The rerouting pressure amplifies an already tight capacity environment: roughly 65% of MSC's fleet is chartered rather than owned, meaning charter-market rate spikes flow directly into its costs. MSC's scale gives it negotiating leverage smaller carriers cannot match, allowing it to impose emergency surcharges and retain shipper commitments during the disruption.
Relationships
MSC's scale means its routing decisions move markets. When it paused Middle East bookings in early 2026, the signal reinforced other carriers' decisions to avoid Hormuz, widening the rate spike documented in 二重の要衝閉鎖でコンテナ運賃が急騰. MSC also absorbs disproportionate Cape traffic: rerouting around southern Africa via the Cape of Good Hope route consumes vessel-days and charter capacity that tightens supply on every lane. TIL has terminal presence in the region, linking MSC's commercial exposure to physical infrastructure at risk.
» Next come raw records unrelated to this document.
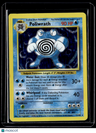 Base Set Poliwrath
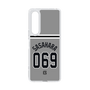 スリムプロテクションケース［ 読売ジャイアンツ - #069 SASAHARA - ビジター ］
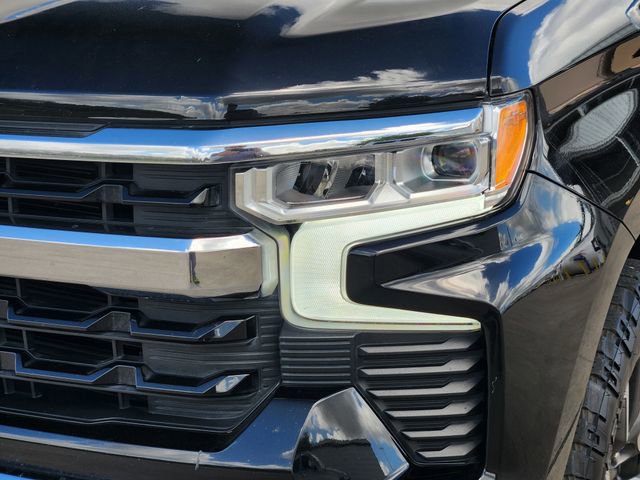 Used 2023 Chevrolet Silverado 1500 LT w/ Texas Edition Plus image 9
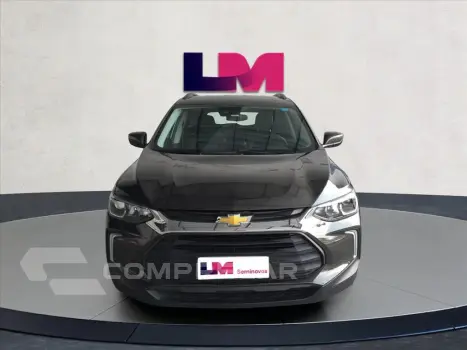 TRACKER 1.0 TURBO FLEX LTZ AUTOMÁTICO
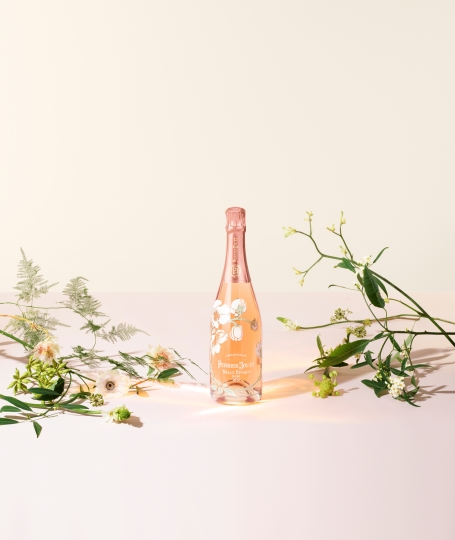 Perrier-Jouet Belle Epoque Rosé 2012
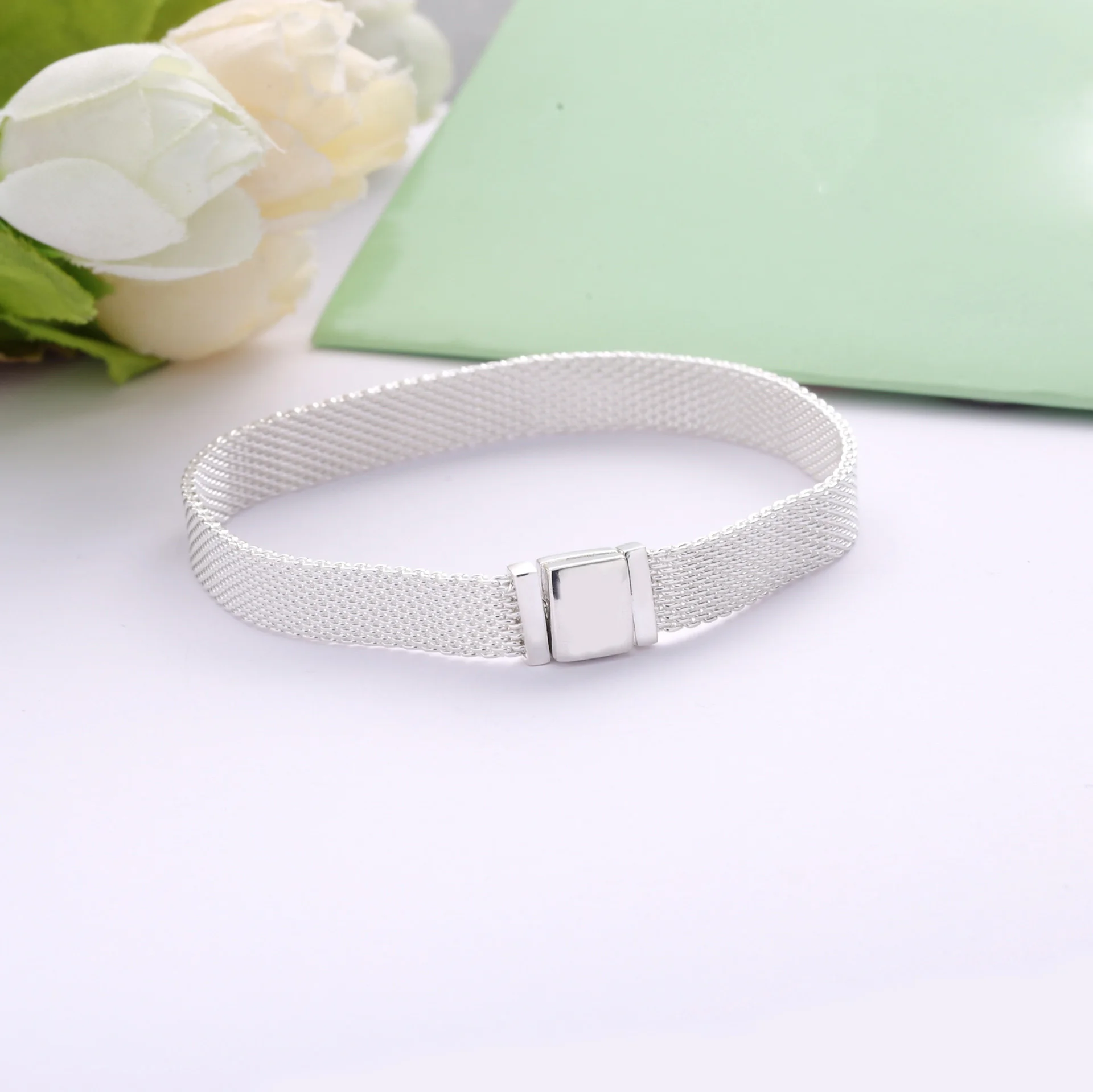 Высококачественные браслеты-подвески в форме сердца с короной луной звездой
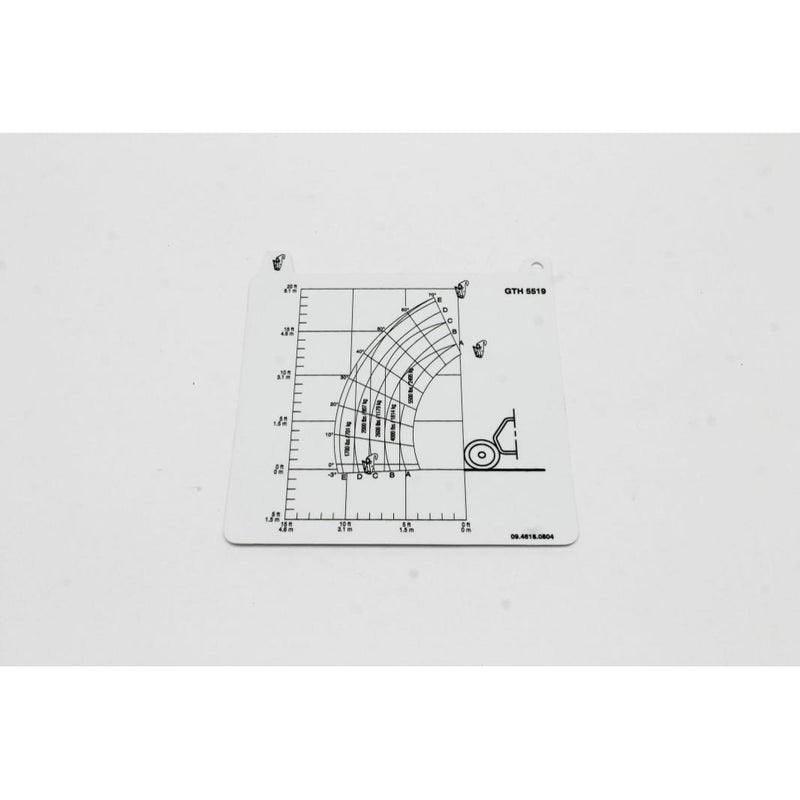 Genie Part 09.4618.0804GT Image 1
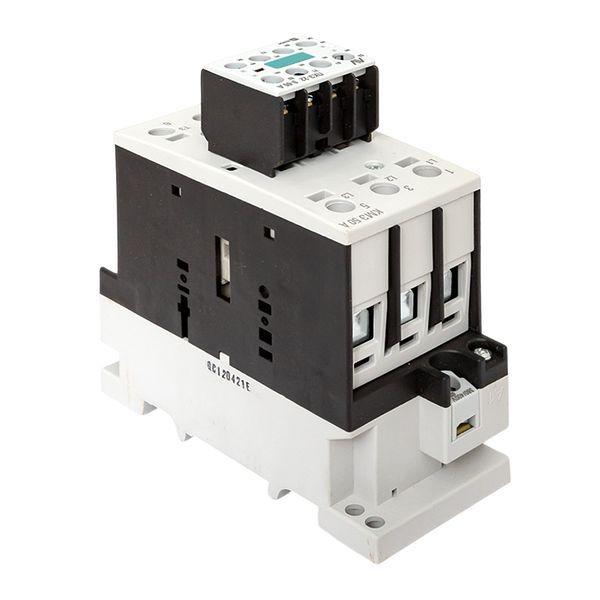 Комплект КМЭ 50А кат. 400В АС 2НО+2НЗ AVERES EKF ctr-s-50-00-400-av-22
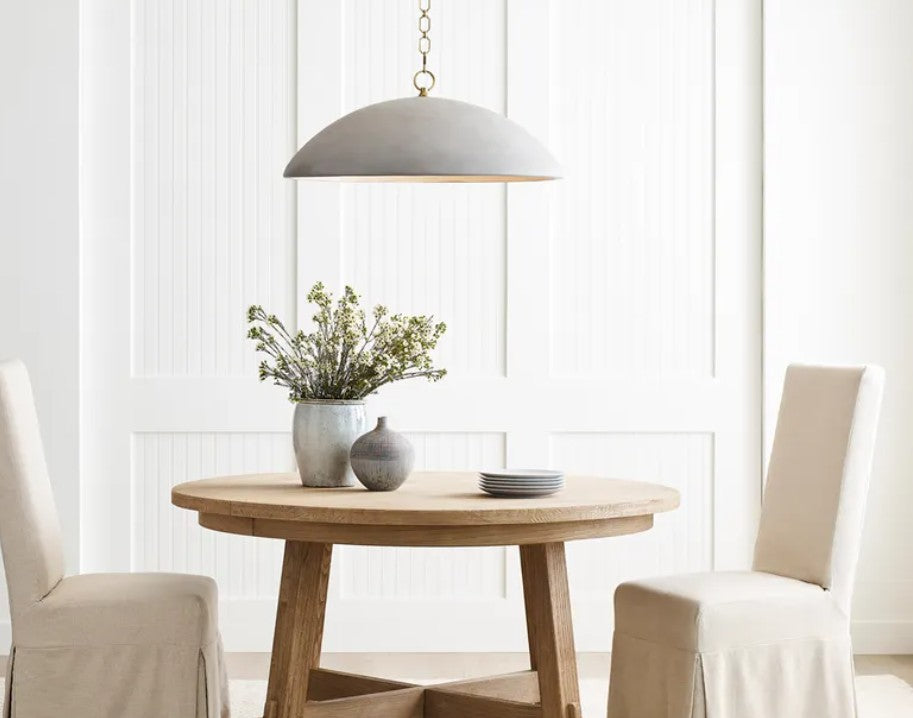 Elliot Grande Pendant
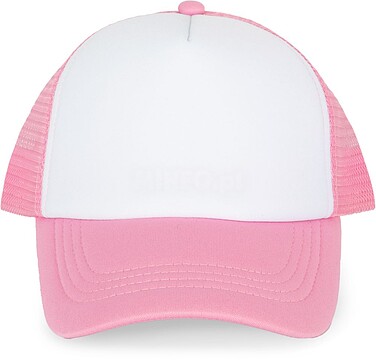 Boné trucker criança - 5 painéis KP143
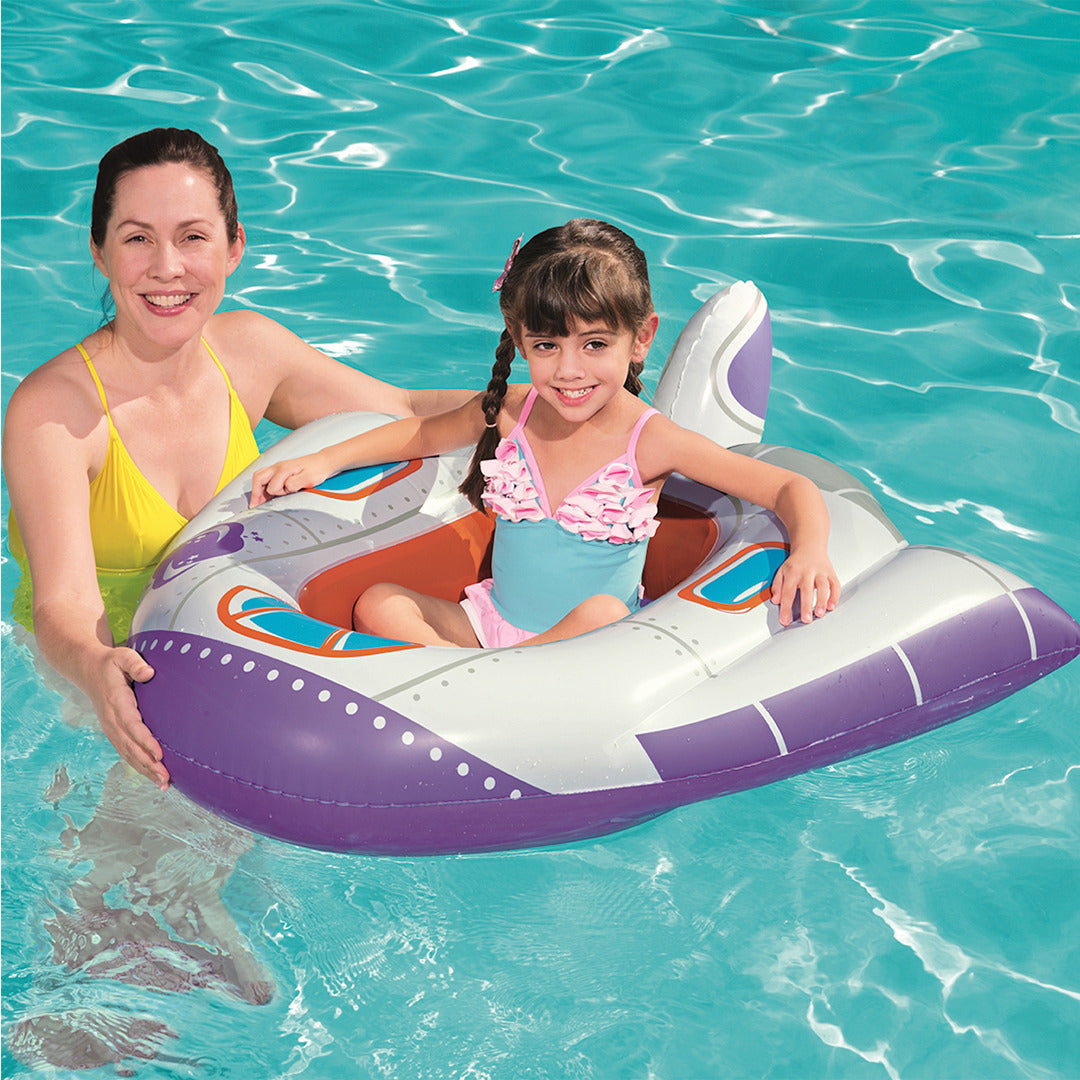 Buy Bestway Vehicle Cruisers Baby Boat (Sold Separately Subject to Availability) | Yallatoys.com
The 2M alliance with Maersk dissolved in 2025, returning MSC to independent scheduling. MSC subsequently joined new capacity-sharing arrangements, shifting competitive dynamics with CMA CGM and Hapag-Lloyd on Asia-Europe and transpacific routes.
What to watch
Three developments will define MSC's position over the next 12 to 18 months. First, any durable resolution of the Strait of Hormuz closure or the Red Sea Houthi threat would allow MSC to reactivate direct Gulf services and reduce costly Cape and landbridge detours. Second, the 2.18 million TEU orderbook, if delivered into a normalized market, risks tipping the industry into overcapacity. Third, the family succession confirmed in April 2026 is the first ownership transition in the company's 56-year history; how Diego and Alexa Aponte manage fleet strategy through a volatile period will determine whether MSC extends its market leadership.